Referring to fig. 1, in an alternative embodiment, an extension arm mechanism includes a support mechanism 50, a support column 60 disposed on the support mechanism 50, a bracket large arm 70 rotatably disposed on the support column 60, a bracket middle arm 80 rotatably disposed on the bracket large arm 70, and a bracket small arm 90 rotatably disposed on the bracket middle arm 80; the bracket middle arm 80 is tiltable in the height direction.

Specifically, the support mechanism 50 is fixed to the edge of a patient bed on which a patient lies. The stent small arm 90 is provided with a guide wire conveying and rotating device connected thereon. The guidewire delivery and rotation device is adjusted to the optimal position by rotating the stent large arm 70, the stent middle arm 80, and the stent small arm 90. The bracket middle arm 80 can be inclined in the height direction. The mechanism realizes the adjustment in the XYZ axial direction and provides a more proper angle for the delivery guide wire. The guide wire conveying and rotating device can be any one of the devices on the market as long as the guide wire rotating and conveying functions can be realized.

Referring to fig. 2, in an alternative embodiment, a locking slot 51 slidably connected to the bed is provided on the supporting mechanism 50, and a cam wrench 52 is rotatably provided on the supporting mechanism 50, and the supporting mechanism 50 is fixed by rotating the cam wrench 52.
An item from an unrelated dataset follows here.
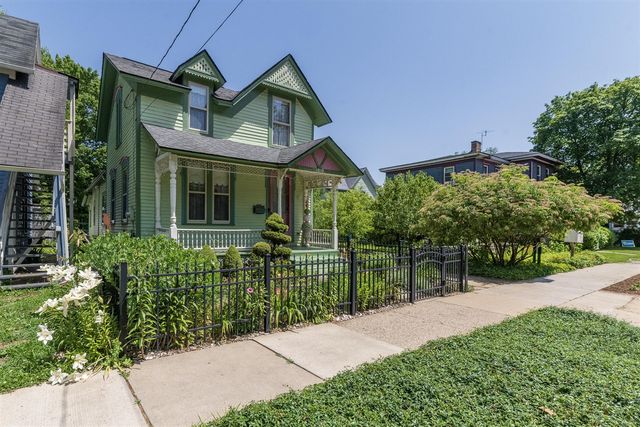 1013 S Park Street, Kalamazoo, MI 49001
Specifically, the edge of the hospital bed is formed to be engaged with the slot 51. After the supporting mechanism 50 is clamped into the edge of the sickbed through the clamping groove 51, a gap is left to facilitate the sliding of the supporting mechanism 50 along the edge of the sickbed (the sickbed for surgical robots is generally provided with a bed edge connected with the clamping groove 51). The support mechanism 50 can be secured to the rim by rotating the cam wrench 52 on the support mechanism 50. The distance from the bed edge changes during rotation of the cam wrench 52, and in the fixed condition, the cam wrench 52 is pressed against the bed edge.

Referring to fig. 2, in an alternative embodiment, a wrench arm 521 is disposed on the cam wrench 52, and a stop block 522 is disposed on the wrench arm 521. In general, the arm 521 of the cam wrench 52 is parallel to the bed edge, and is in a fixed state, and the arm 521 is hidden in the groove of the supporting mechanism 50, so that the safety is improved, and the arm is prevented from being knocked to cause the supporting mechanism 50 to slide. When the support mechanism 50 is in a slidable state, the arm 52 is at an acute angle to the bed edge, and the arm 52 protrudes from the support mechanism 50. The cam wrench 52 is prevented from over-rotating by the stop block 522, which may cause damage to the cam wrench 52 and the bed edge.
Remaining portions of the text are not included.